Стенька только кивал.
В душе же снова проснулось ликование – недолго ему слушать срамословные поношения! И не подьячим он, Степан Иванович Аксентьев, сделается, а в купцы пойдет! С такими-то деньжищами!
Потому он даже не обиделся на Деревнина, а лишь, выслушав, сказал смиренно:
– Вдругорядь не стану, Гаврила Михайлович. Так ты не забудь-то насчет дельца нашего…
– Да помню, помню, – делая вид, будто дельце пустяковое, отвечал подьячий и отошел от стола.
– Перепиши, как полагается, – велел Колесников. – Ох, страдник ты, Степа, и наука тебе не впрок…
«Послезавтра!..» – отвечал ангельский глас в Стенькиной голове.
Завтра в ночь – клад отца Кондрата, послезавтра в ночь – клад боярина Буйносова!
Стало быть, нужно в эту ночь как следует выспаться.
* * *
Ни свет ни заря Третьяк прибежал к Федосьице. Он надеялся найти у нее Данилку.
После разговора с Гвоздем, когда назначили время поездки в лес сообразуясь с указанием парня, он хотел выяснить, почему вдруг это дело откладывается. Но Данилка скрылся, и лишь потом выяснилось, что он успел потолковать с Настасьей.
Зная ее норов, Третьяк хотел сперва узнать правду у Данилки, иначе бешеная девка много чего затеять может, а удержать ее, как удерживал раньше, он не сумеет.
Третьяк опоздал. Данилка уже успел, схватив засохший пирог, удрать.
Федосьица возилась с Феденькой – приготовила ушат с теплой водой для купания и чистую рубашечку. На полу лежала кучка грязных пеленок – не пропадать же теплой-то воде, за одним разом и постирать можно! Вид у девки был такой унылый, словно всех родных схоронила.
– Что так-то? – спросил скоморох.
– Да ну его! – отвечала Федосьица. – Как ночевать негде, так он и тут!
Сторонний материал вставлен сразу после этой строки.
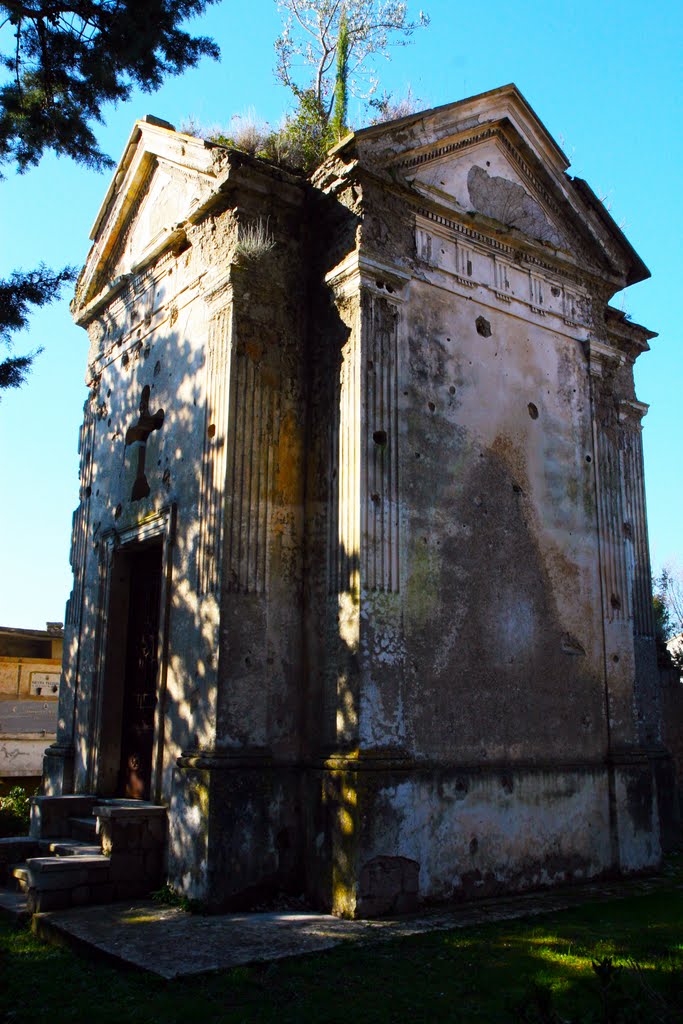 Cimitero San Pietro Infine (cappella gentilizia) by Lino Fuoco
– Уж и сама не рада, что обнимала?
Она вздохнула.
– Тебе бы, девка, с Москвы-то съехать, в Твери, что ли, поселиться, где тебя не знают, – посоветовал Третьяк. – Мужа тебе надобно, дом, семью. А это – не муж. Сама ведь видишь.
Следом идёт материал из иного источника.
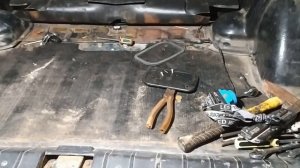 Своими руками. Замена  датчика уровня топлива (поплавок) на Ниве.   (Руки бы им всем  поотрывать!)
– Я за него и не собиралась, – честно заявила Федосьица. – Думаешь, легко мне? Тот купец со мной чуть ли не с Пасхи жил – и обстирай его, и вкусно сготовь, и всегда к нему с лаской! А поглядишь на его бороду-то – и плакать хочется. На что мои молодые годочки тратятся?…
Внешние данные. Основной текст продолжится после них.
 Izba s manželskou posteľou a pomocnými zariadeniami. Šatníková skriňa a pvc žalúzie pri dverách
Больше она объяснять не стала, да скоморох и так понял: уж коли тратятся молодые годочки, так пусть хоть раз – как сердце пожелало!
– Ты не плачь, не плачь, – попросил он. – Другого наживешь. Этого в шею гони! Ты красавица, ты разумница, неужто нет и для тебя доли счастливой? Есть же!
– Счастье наше бабье – воровское, украдочкой, на малую минуточку!.. – выкрикнула она и впрямь заревела, а Феденька подхватил.